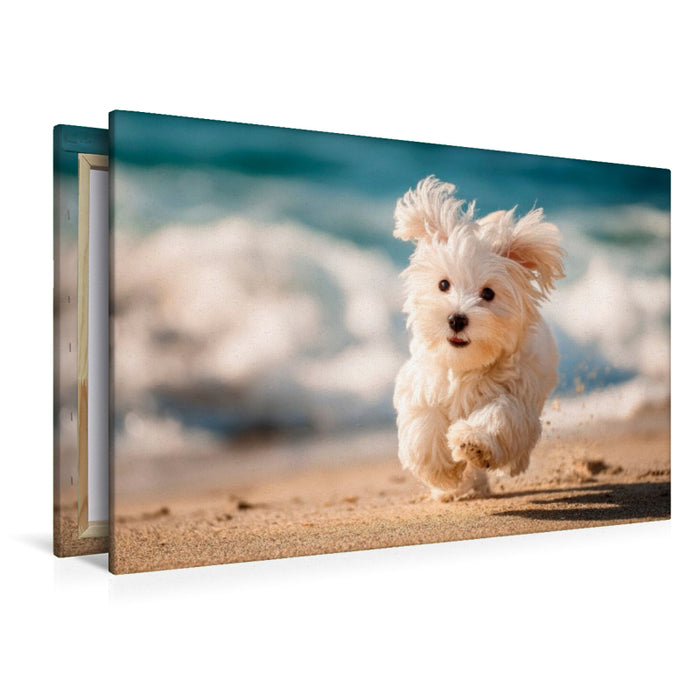 Premium Textil-Leinwand Malteser - Kleiner Wirbelwind am Strand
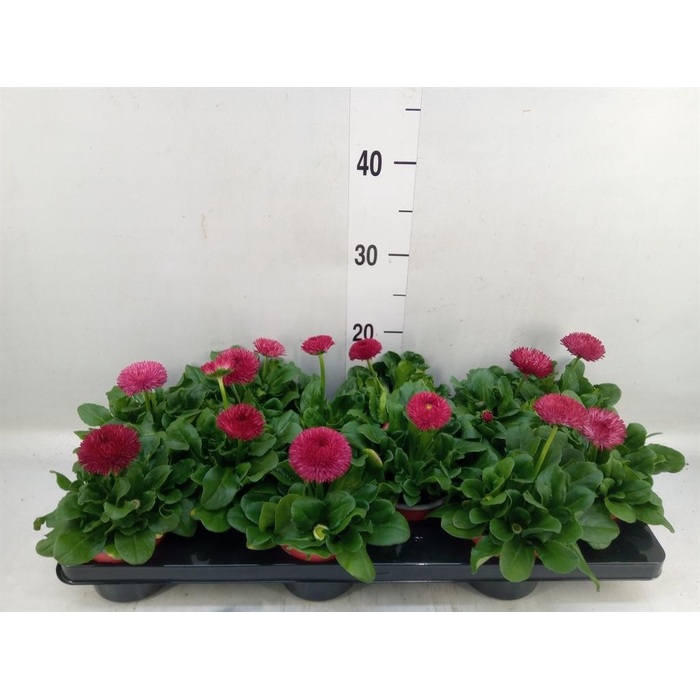 <h4>Bellis perennis 'Roggli Red'</h4>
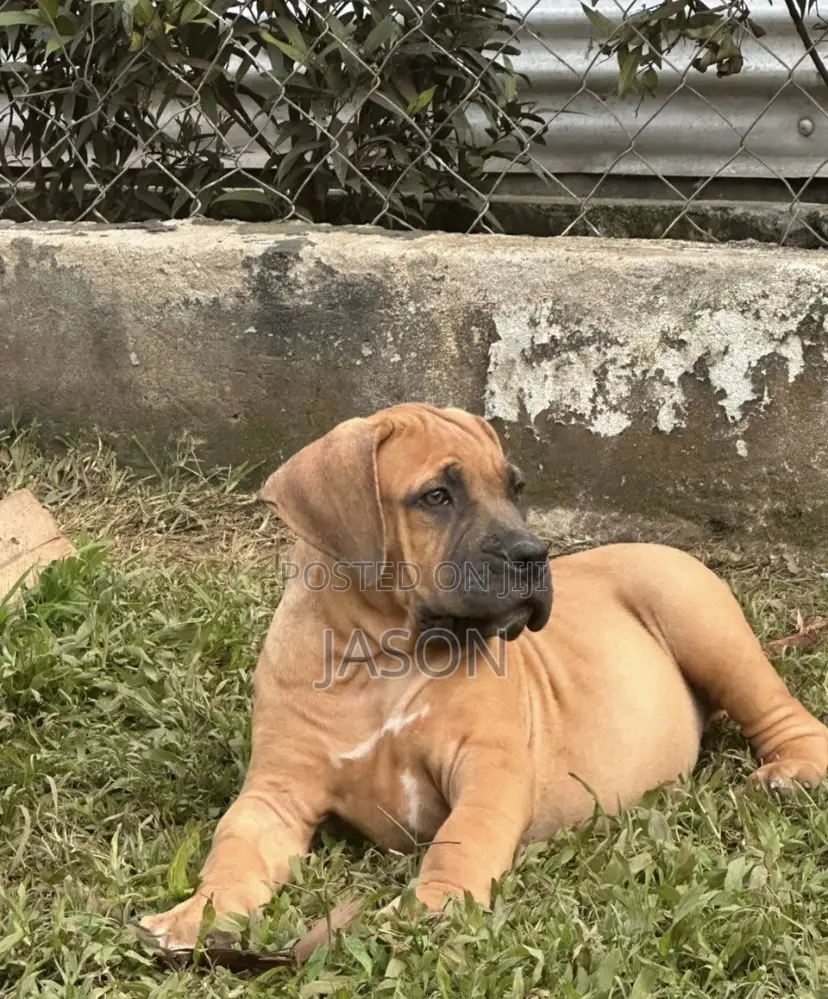 3-6 months Male Purebred Boerboel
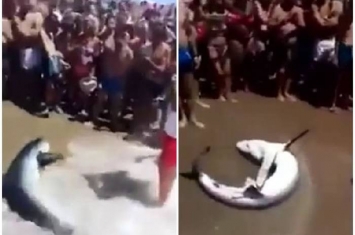 西班牙鲨鱼搁浅海滩 泳客争相自拍遭怒批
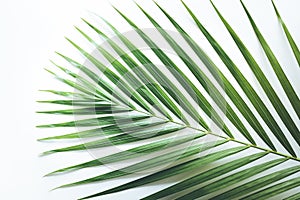 Real tropical leaves backgrounds on white.Botanical nature concept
● ● ●
Problem
Would you retype every record above exactly, leaving out the pictures?

Finished exercise
 Premium Textil-Leinwand Malteser - Kleiner Wirbelwind am Strand
 <h4>Bellis perennis 'Roggli Red'</h4>
 3-6 months Male Purebred Boerboel
 西班牙鲨鱼搁浅海滩 泳客争相自拍遭怒批
 Real tropical leaves backgrounds on white.Botanical nature concept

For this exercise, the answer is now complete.